Agreed. Typically when someone says "men need to get a clue" or something similar, they're talking about men as a group or institution in society that tends to be more privileged than women and don't get called out on troubling behavior as much as they should be. She may not be referring to men individually, who themselves may be very polite.


----------



## Blackjack (Apr 6, 2014)

Relevant pic:


----------



## lucca23v2 (Apr 6, 2014)

fat9276 said:


> Hmmm, I don't feel there is enough information to make such a harsh judgment on this guy or to be so down on dating just yet.
> 
> -First you say (before meeting him) that *you *were not attracted to *him * and then did the hand on face emoticon about agreeing to meet him.
> -Second, you based that he was not attracted to you from a facial expression, this being after he looked you up and down. My boyfriend's facial expressions NEVER show what he is thinking. I have thought he looked annoyed or uninterested before, quite the contrary. Some people do not wear their thoughts on their sleeve. Is it possible you were feeling insecure when he looked you up and down?
> ...



I agree.. not a lot of info was given. It could be he was a jerk.. it could be she was feeling insecure.. only way to know for sure is to go back and ask him. 

I will say, chances are that if he saw your full body pics.. and asked you out, then he knew.
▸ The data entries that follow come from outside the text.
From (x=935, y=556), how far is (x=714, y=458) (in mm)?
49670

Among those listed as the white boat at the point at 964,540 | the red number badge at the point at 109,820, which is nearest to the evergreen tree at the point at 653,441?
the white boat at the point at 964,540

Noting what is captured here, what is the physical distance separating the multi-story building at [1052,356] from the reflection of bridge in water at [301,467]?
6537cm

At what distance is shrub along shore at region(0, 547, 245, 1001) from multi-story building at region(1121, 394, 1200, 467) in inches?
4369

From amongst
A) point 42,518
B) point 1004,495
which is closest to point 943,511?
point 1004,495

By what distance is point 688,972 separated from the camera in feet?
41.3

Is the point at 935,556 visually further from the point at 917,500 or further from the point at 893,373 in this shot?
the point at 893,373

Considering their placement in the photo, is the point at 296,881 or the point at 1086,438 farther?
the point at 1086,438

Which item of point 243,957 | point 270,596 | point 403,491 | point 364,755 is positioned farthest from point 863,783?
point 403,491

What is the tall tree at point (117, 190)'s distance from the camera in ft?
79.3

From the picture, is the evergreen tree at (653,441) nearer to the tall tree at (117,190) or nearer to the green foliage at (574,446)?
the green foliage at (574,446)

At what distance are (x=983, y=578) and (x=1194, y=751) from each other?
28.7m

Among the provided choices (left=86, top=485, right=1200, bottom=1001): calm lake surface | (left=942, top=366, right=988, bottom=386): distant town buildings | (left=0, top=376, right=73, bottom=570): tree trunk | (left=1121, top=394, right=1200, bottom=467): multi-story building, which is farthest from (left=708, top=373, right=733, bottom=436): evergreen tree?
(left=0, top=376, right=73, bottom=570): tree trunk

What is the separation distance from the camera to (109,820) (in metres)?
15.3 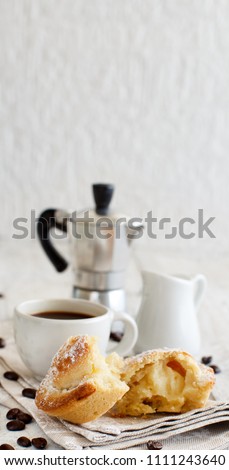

Maybe what you interpreted as a "bad look" when he checked you up and down could have been that you might appear different ( maybe smaller or prettier in person thatn in pics) than the pictures he saw therefore the look was off. 

Again, the only way to know is to put on your big girl panties and ask him. No sense in throwing away something that could be good just because a look was interpreted wrong.

"throwing out the baby with the bath water"...yadda yadda yadda..

JMT


----------



## Saoirse (Apr 6, 2014)

Blackjack said:


> Relevant pic:



Love that movie, but the scene were she drank a bunch of her own tears always makes me gag. :sad:


----------



## Marlayna (Apr 6, 2014)

She gave him an hour of her precious time for him to redeem himself, plus she wasn't feeling it for him anyway, so no big loss. 
It doesn't matter if he saw her pics or not, he was still half-expecting a Hollywood arm charm... wishful thinking is human.
He probably looked up every girl he ever went to school on Facebook, and none of them looked like they did 30 years ago.
If he's interested he'll call again, then we'll know what he was thinking. Not everyone is comfortable putting someone on the spot for a "look".
I think if she considered him a good catch, or handsome, she would've let it slide.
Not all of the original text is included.